Wish: 2/10
Wish wants to be about Disney's long history of animated films, and what ties them all together. It takes place in an Spanish-themed medieval-ish island kingdom in the Mediterranean, built and led a sorcerer-king with an ethos based on keeping and granting wishes. Asha wants to be his apprentice, in part so she can help her 100-year-old grandfather have his wish granted. It goes badly. She wishes upon a star, her wish is granted, Disney hijinks ensue. Asha is cast out and hunted as a revolutionary. The King has an Evil Villain Song, friendship wins over fascism, The End.
It wasn't good.
At the heart of my frustration is that it probably could have been made good. What I wrote above is flawed, sure, but at heart it's not an utterly broken premise. But Disney is having its 100th Anniversary right now, and so they had to get working on this before the pieces could be put together into something coherent and competent. It was now or never, and they made the mistake of not choosing never.
So, what did they focus on? The musical numbers, for one; they clearly wanted Billboard hits. They focused on theatricality, so that these scenes could end up in a stage play later. They focused on the visual designs of the characters, especially making them multi-cultural and multi-abled. They focused on the call backs to past movies, especially the wishes, and offered visual nods to everything they could stuff in. And they focused on revolution, standing up to evil and fascism, and how the simplest act of defiance means something.

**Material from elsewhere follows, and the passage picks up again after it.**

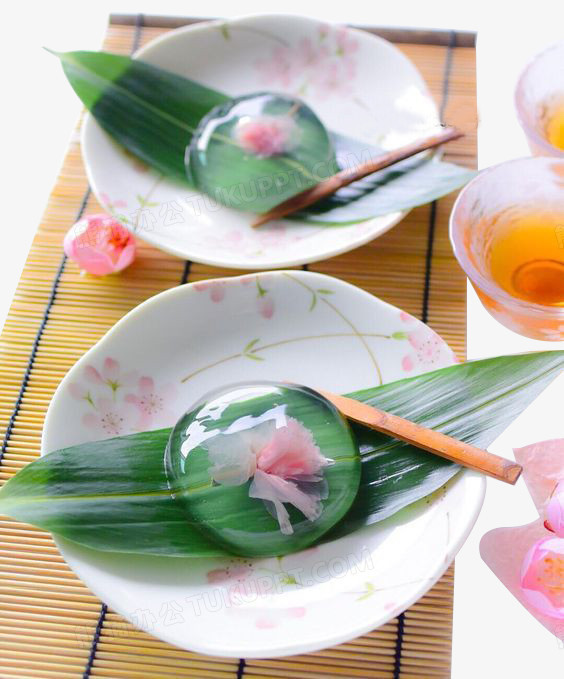 两盘樱花水信玄饼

But, going through those. Ugh.
The musical numbers: Lin Manuel Miranda they wanted, but did not get. The first number desperately tried to be 'Family Madrigal' from Encanto, for instance, but had neither the charm nor the love. They had multiple Evil Villain songs, meant to show the progression, and, well, okay. There was a Revolution Song, there was the Theme Of The Movie song, there was the 'We Are All Star Stuff' song, and there was the Reprise. I don't feel like anything really landed; we're not going to get a 'Let It Go' or 'We Don't Talk About Bruno' or even a 'Shiny'. Some of this stuff may end up in the repertoire of Disney songs, but I'm not sure.

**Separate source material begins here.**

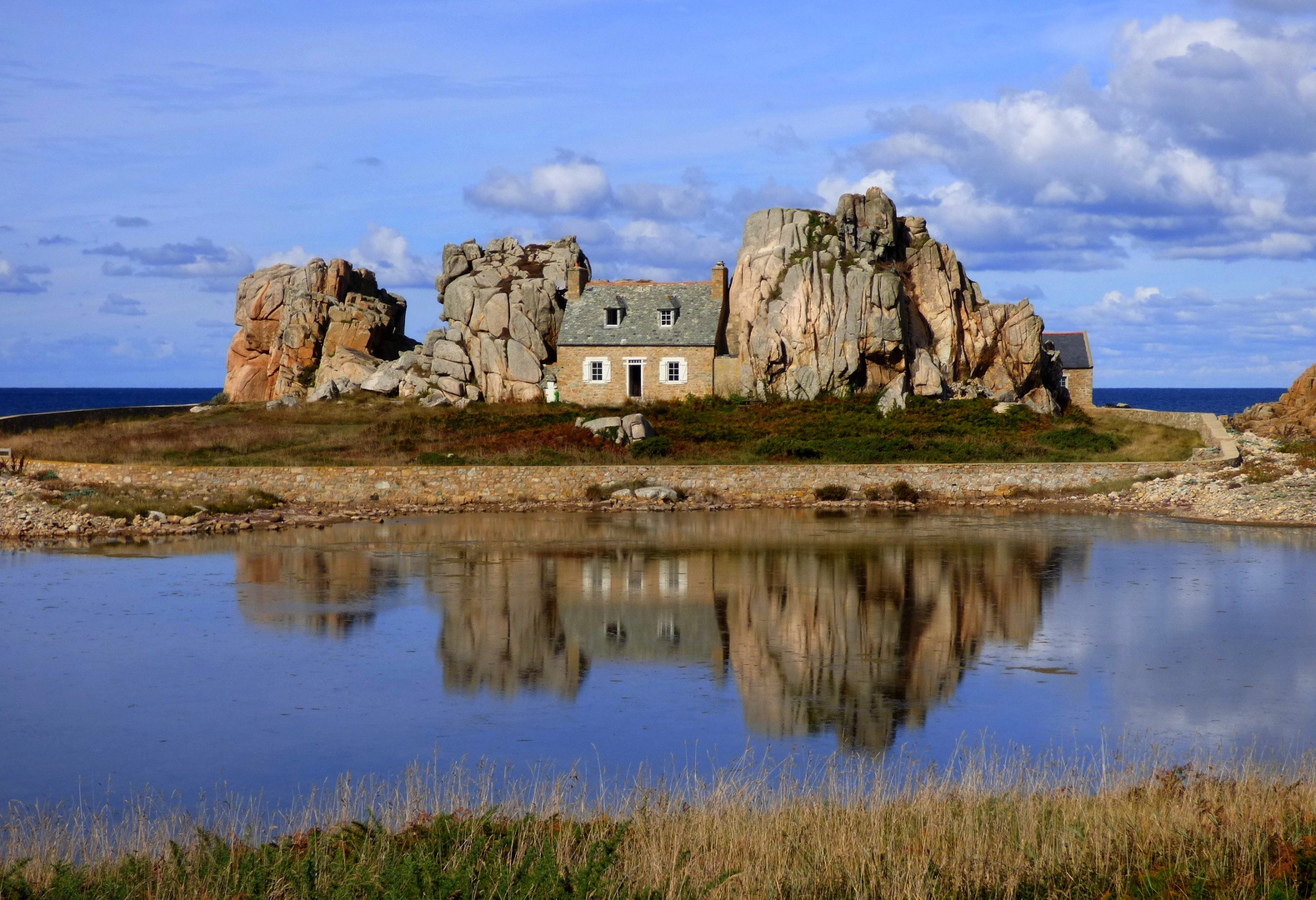 La petite maison dans les rochers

The theatricality: this felt like it needed another pass. I could easily see the characters walking across the stage to another group of actors, and sets being reused; it felt like the point of the exercise, frankly, and it made the scenes visually less interesting than they needed to be.
The visual designs: this mostly went okay, but there were too many characters that ended up as metaphors of past characters rather than characters themselves. "Oh, he was meant to reference MOVIE X, that's why he was acting that way!" is okay for a background character, not for somebody with dozens of lines! They needed to trim more characters out of the medium roles and down to pure cameos, so that the remainders could have given them a chance to exist. (All that said I appreciated the sentiment of the multi-cultural society and the nod to a character with a disability.)

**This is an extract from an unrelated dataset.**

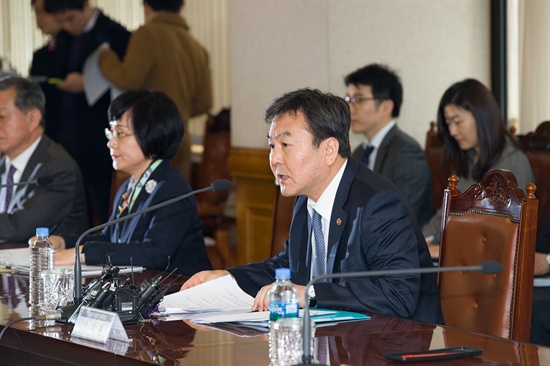  신제윤 금융위원장이 13일 오후 서울 중구 명동 은행연합회관에서 열린 경제혁신 3개년 계획 실천 및 금융권 신뢰회복을 위한 간담회에서 모두발언을 하고 있다.
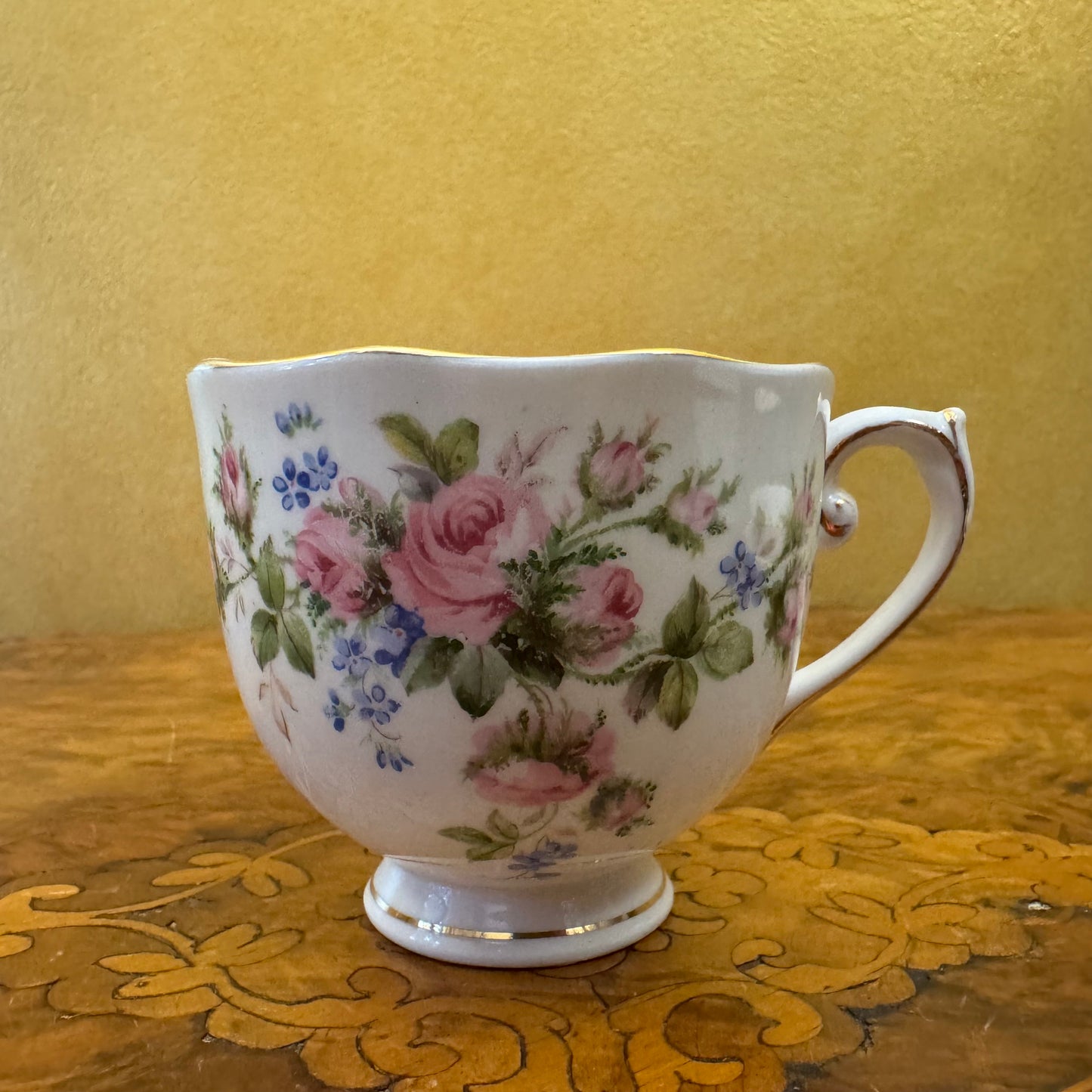 Vintage Roslyn Moss Rose tea Cup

The callbacks: it's hard to get into it without getting into spoilers. Some of the references were clever and interesting. Far more of them felt forced but not really clever; this wasn't as clever as Shrek, or even random cross-references in Marvel movies. It felt more shallow than loving, and they didn't really help each other out very often. They didn't gel well, and didn't really offer a new perspective on the old work. But they were something to focus on, and will probably be fun to talk about for a while.
Finally, the revolution stuff. Sigh. I wanted to like this, and I still want to like this, and it seems the part most likely to have value and resonance going forward, but it just felt pro forma. The bad guy is bad, therefore the people most rise up, and do so within the context of the movie; but it still felt lazy? Too simple, too pat? I don't know how this could have been fixed, though. This is the part that most makes me wish for some rewrites, some new ideas, some new metaphorical ideas of how to fight that evil and how to deal with it afterwards.
I have more complaints than this! The things they did focus on seemed best for the trailers and otherwise mostly unconnected to the story (the Alan Tudyk goat, the chicken dance number). The artistic design (a 2D looking version of their 3D work) was about half as interesting as it wanted to be, but I respect the attempt. The kingdom itself made very little sense: its age, its location, its political structure, its technology level, simple questions like "no heirs?". The villain's backstory was overly-hinted at but otherwise ignored. The movie felt way too long and way too short. Magical traps were pointed out and then ignored. Maybe some of these would have been polished out with time, but probably not all of them.
My wife thinks that, if this hadn't been a Disney movie, it would have been more forgivable. I'm just not sure how it could have gotten made without being a Disney movie. And as it was, I still think it should have been dropped. The good parts weren't worth it.